姜意眠老练跑进厨房,一分钟后,浴室门推开,十七岁的戚余臣果然准时走出来。
“眠眠?”
“眠眠,又躲到哪里去呢?”
姜意眠面无表情地看着他到处寻找。
煞有介事。
无比认真的,那种,找。
不知道有什么误解,戚大朋友迷之认定她喜欢玩这种躲猫猫游戏。
明知道她就在这里,还要大费周章地找遍各个角落,然后才——
“找到了,原来在这里。”
恍然的语气,尾音稍稍抬起,仔细看表情,还有点儿如释重负的感觉。
这种程度的表演,简直足以列入人类迷惑性为。
“好了,不玩了。”戚余臣站在冰箱下方,张开双手:“该去洗澡了。”
姜意眠站在冰箱上,居高临下:“喵。
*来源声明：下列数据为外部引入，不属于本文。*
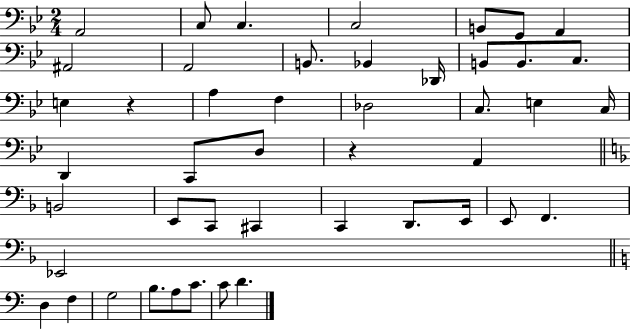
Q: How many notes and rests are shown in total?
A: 46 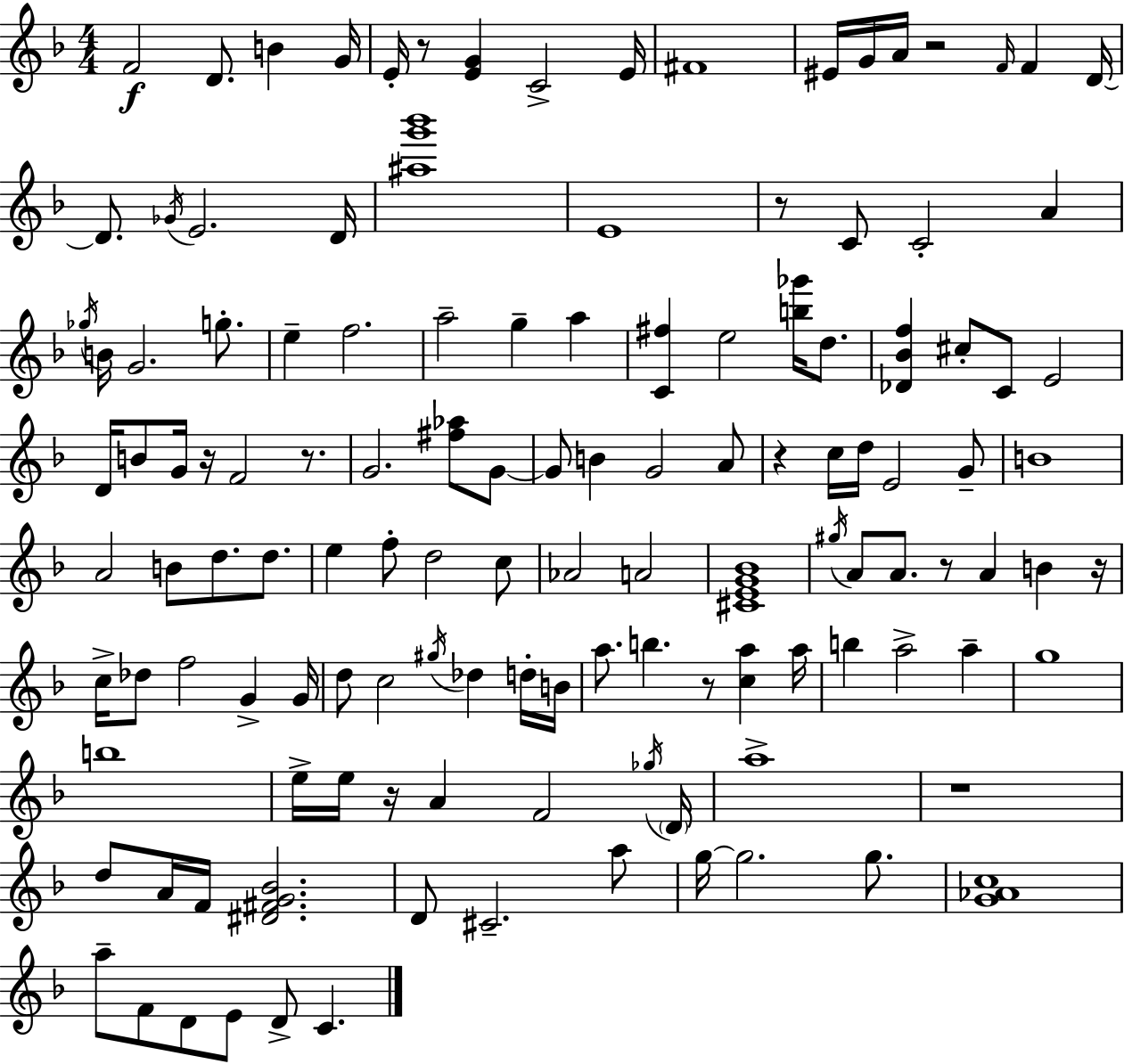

”
“又不洗吗?”
他稍稍皱眉,神色间依稀有着妈妈的影子,几分可怜的愁色:“偶尔也需要洗一次吧?”
“喵喵喵喵喵喵喵。”
不,猫不需要洗澡。
拥有人类意识的将隔音,不太喜欢舔毛,自认非常注重个人——个猫——卫生,经常洗澡。
只是没有当着人类的面而已。
小猫尾巴一下一下甩在冰箱盖上,戚余臣猫语交流无障碍,微微偏头,哄小孩似的温和:“多少也让我看到一次,才能证明你没有说谎,对不对?”
“……”
所以为什么一定要执着洗澡问题,活像把猫当做不肯洗漱的小孩。
但一只白猫干不干净,难道不是一眼就能看到的事实吗?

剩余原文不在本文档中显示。